Work to be completed - Go through the listing below and repeat it exactly, dropping the pictures.

Recorded information -
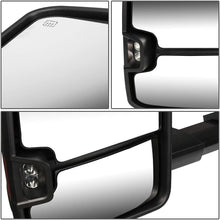 Replacement for Silverado/Sierra K2XX Heated Power Smoked Signal Extendable Towing Side+Corner Blind Spot Mirror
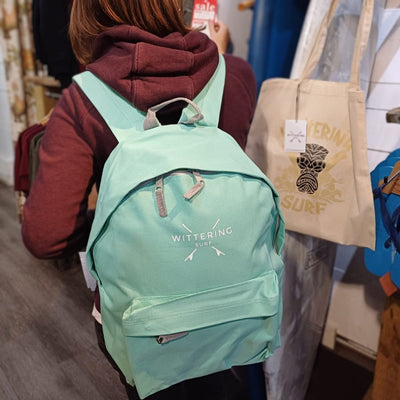 CAMPUS BACKPACK - MINT GREEN/GREY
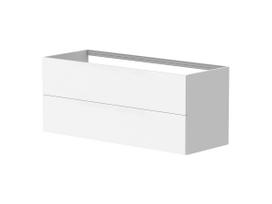 Vonios spintelė Kame Gama 120cm dviguba, 2 stalčiai (push to open) Balta BUD/12-3DR/D1-PO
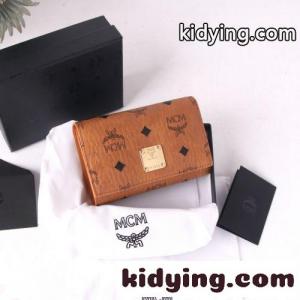 コンパクト エムシーエム スーパーコピー 財布 スーパーコピー 3つ折り財布 ウォレット ブラウンkid26eiaCqy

Response below -
 Replacement for Silverado/Sierra K2XX Heated Power Smoked Signal Extendable Towing Side+Corner Blind Spot Mirror
 CAMPUS BACKPACK - MINT GREEN/GREY
 Vonios spintelė Kame Gama 120cm dviguba, 2 stalčiai (push to open) Balta BUD/12-3DR/D1-PO
 コンパクト エムシーエム スーパーコピー 財布 スーパーコピー 3つ折り財布 ウォレット ブラウンkid26eiaCqy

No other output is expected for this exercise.